Elsevier had identified the need to improve its agile product delivery approach including the adoption of agile methods to help them achieve their goal of being more responsive to changes in market demands.
Elsevier had commissioned formal training but they couldn't understand why there was still little evidence that agile methods were achieving any significant benefit. Agility in Mind was invited by Elsevier to provide coaching to the various teams. We quickly identified that, through discussion with individuals and observations of team activities, that the original training was holding them back. While there was no indication that the quality of the training courses was unacceptable, it was clear that people had returned to their offices and teams with a lack of confidence in how to put agile, Scrum specifically, into practice. The established working environment conflicted with many of the “rules” of Scrum, and this prevented many people from getting started.
To remedy this, Agility in Mind developed and delivered an agile training program that was focused upon supporting teams and practice groups to begin to use agile techniques with confidence. With teams, we used our Introduction to Agile training course to help them understand agile principles and how they could be applied to achieve effective product delivery in an environment where stakeholders and delivery teams were separated by geography and there were significant dependencies upon outsourced practices.

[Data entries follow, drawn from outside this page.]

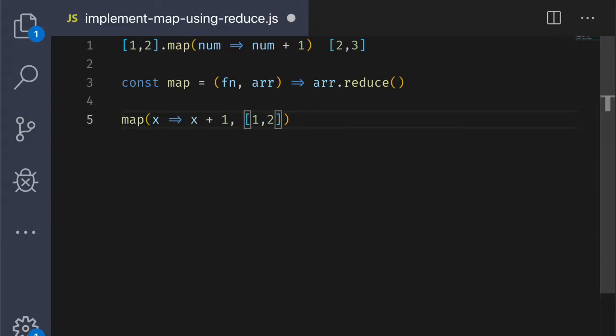Let's recap what reduce takes as input. It accepts two parameters, a reducing function and an accumulator. I'll talk about the accumulator first.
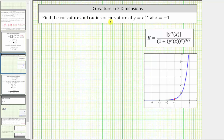We're asked to find the curvature and radius of curvature of y equals e raised to the power of 2x at x equals negative one. The function is graphed in blue, and this red point is the point on the function when x equals negative one. The goal is to find the curvature at this point and the radius of curvature.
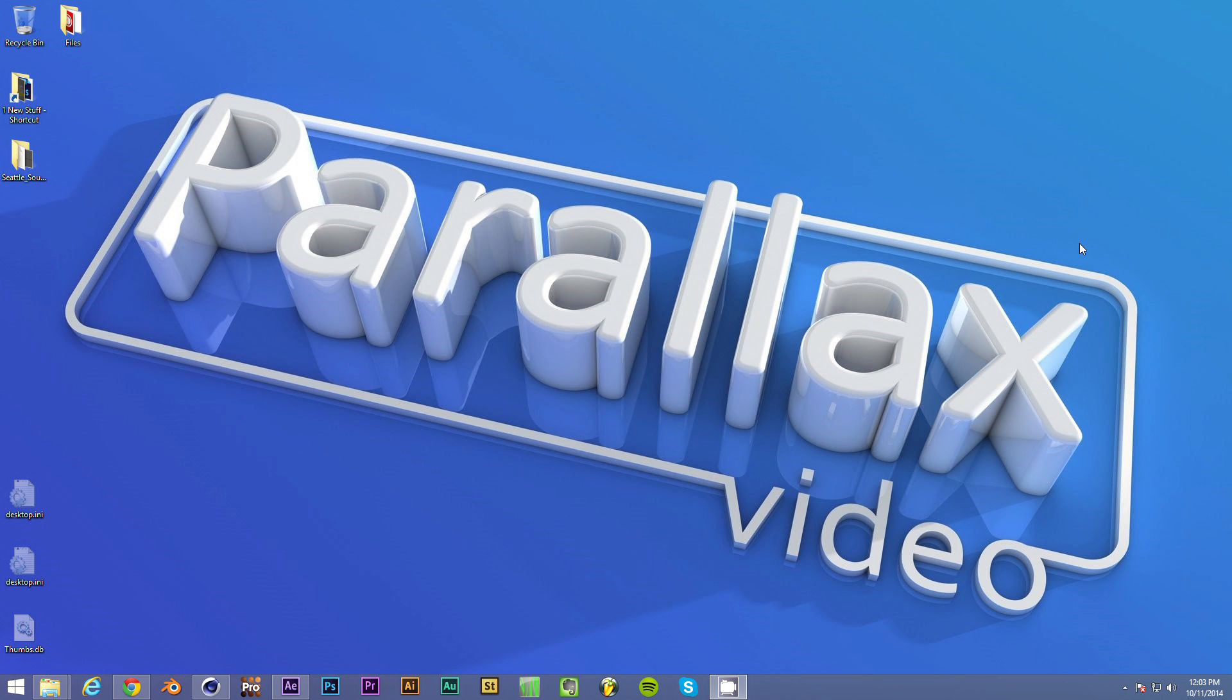Again, my name's Nick Southcote, and this was just a brief tutorial on how to import 3D models from Google SketchUp into both Cinema 4D and then into After Effects and subsequently Element 3D from Video Copilot. So I hope you've enjoyed the tutorial. Thanks for watching, and we'll catch you next time.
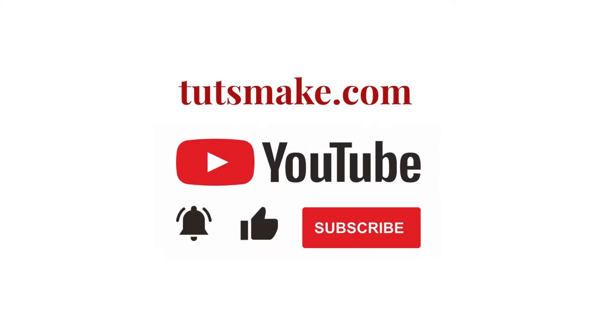If you want to read a detailed guide related to this video, I have the link in the video description. Please subscribe to our YouTube channel and visit my website tutsmake.com.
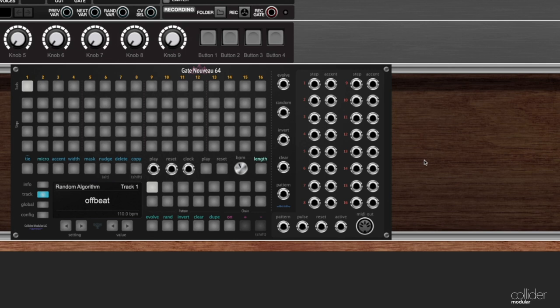In this video I want to take a closer look at the length button and specifically get into polymeter and how very easy it is to do polymetric sequences with Gate Nuevo.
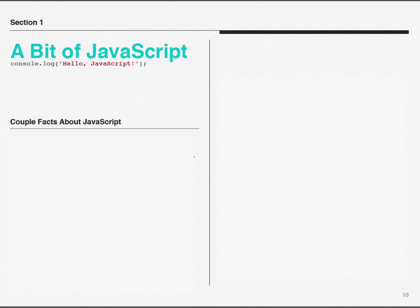So we're going to start with some simple, small bits of JavaScript. Before we do, there's a couple more facts that I think you should know.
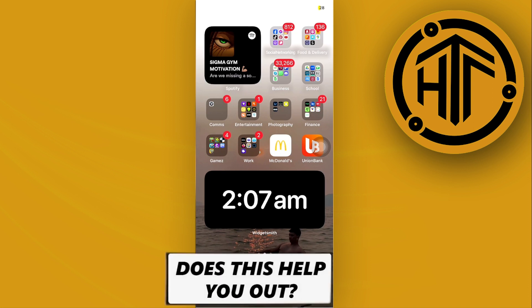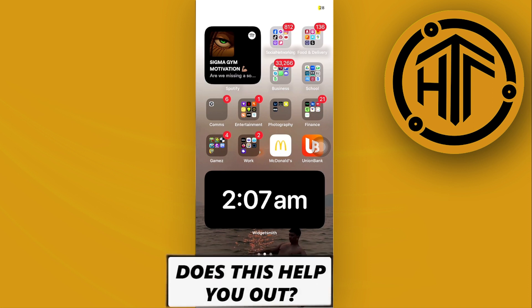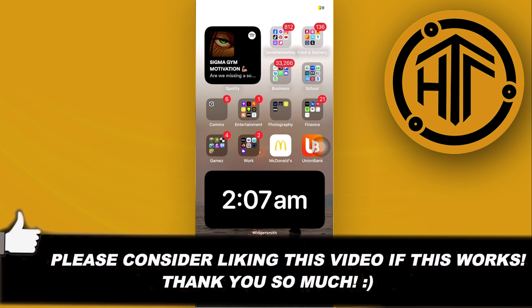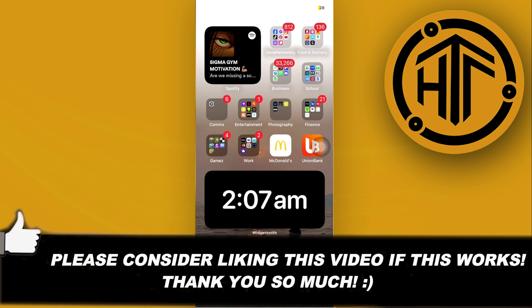Thank you guys for watching this video. Please like this video and subscribe if you guys learned something. And I'll see you guys on the next video.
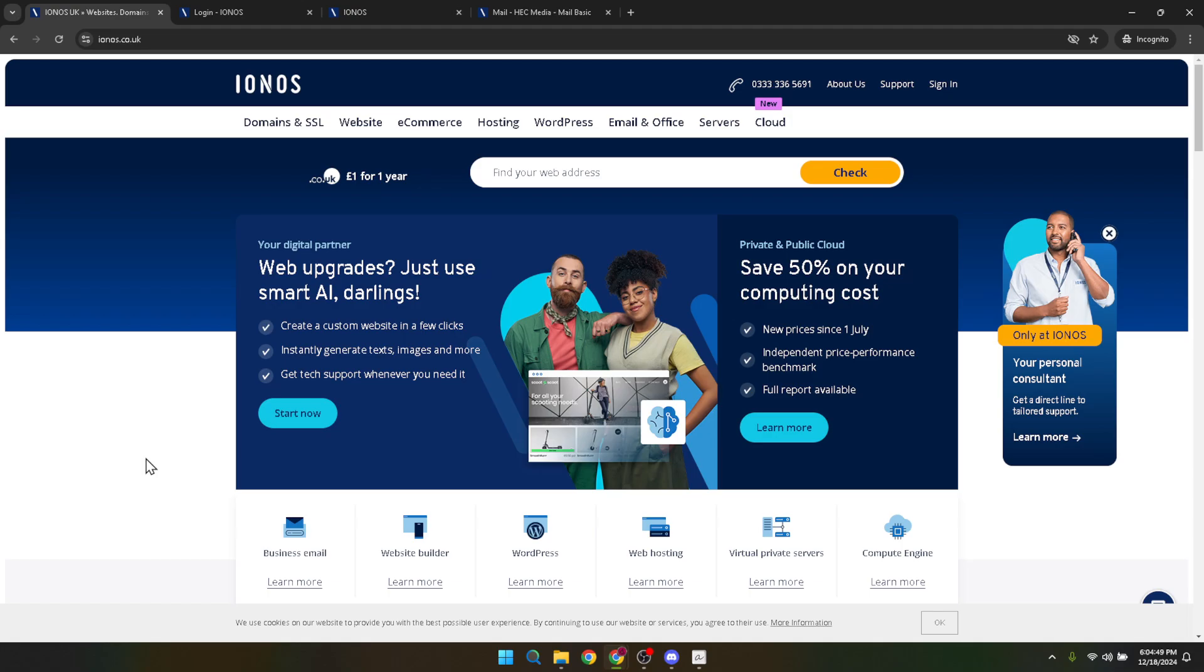First things first, let's dive into the world of IONOS by visiting their homepage. Once you're there, you'll notice a sign-in button at the top right corner of the page. Give that a click. This is your first step into accessing your IONOS services.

For practitioner groups such as business analysts, project managers and product managers, we used other courses to help individuals understand their role better in the context of the organization. The program has also extended to the product management group based in the Netherlands, where we used our Release Planning course to show how products should be planned and made visible to improve the outcomes of product delivery.
For Elsevier, the impact of the agile training program training was clear: teams and individuals quickly began to establish agile ways of working adapted to the constraints in their environment. Project managers were confident that they did not have to remove all constraints before they could begin; product managers understood that collaboration with teams was going to be the most effective way of working; managers realized they needed to be active in removing blockers for teams.
The reasons for success are clear: we took a people-centric approach to identify what got in the way of better delivery; we adapted material for the organization to ensure we placed the emphasis in the right area; we built confidence in the individuals and teams so that they could begin to work differently and we showed managers how they could have a positive impact on the effectiveness of teams.